There are more pictures of this stuff on an earlier thread in this forum. Old T-jet Race Set and DID AURORA...

Yes RoadRunner I got lucky. I hope you do too. One of my fellow train club members is a Minister. He knows a widow that was tired of looking at it. It belonged to her son who passed away in his early twenties. 

He knew I was into slot cars and brought it to the club during our open house. He had two other boxes the same size. One with TYCO trains and buildings, and the other with a Lionel train set. He put those two in a yard sale last week for $30.00 each. 

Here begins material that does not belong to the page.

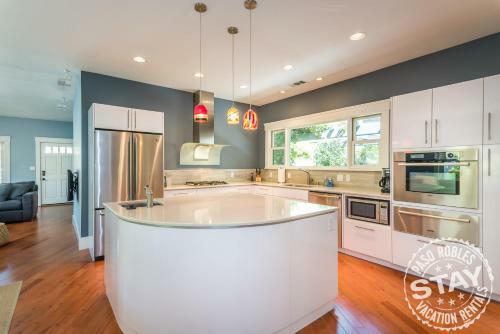Bungalow On Vine 1536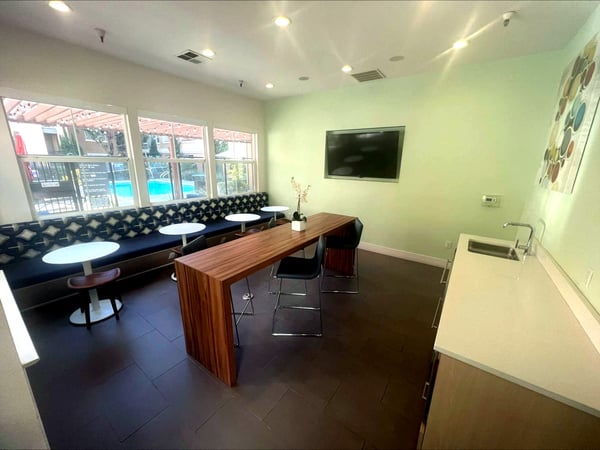 Inviting Meeting Room for Celebrations in Walnut Creek - Holiday Party in Walnut Creek - Featured image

I told him I couldn't pay the price of what it would fetch on Ebay or the Slot Shows. I offered him $100.00 for the race set and he was suprised and accepted it. 
Randy.


----------



## ParkRNDL (Mar 20, 2002)

*Blew the dust off my password and here I am...*

man, it's been a while... I haven't forgotten about slots, just been too busy to sit at the computer. For a LONG time. But anyway...

...after a pretty dismal summer on the yard sale circuit, I actually hit a few good ones in the last month or so. First was this old AFX set, with the Turbo Turn-on and Ferrari 612:



















Asked the owner what he wanted for it, he thought a minute and said, "Three dollars?" Well, gee, lemme think... As I went for my wallet, he said, "Hey, I got the top for that box in the house if you want it..." Sure enough, he comes out with this top:










...AND a handful of cars, and says, "You collect these things? Would these be worth anything to you?"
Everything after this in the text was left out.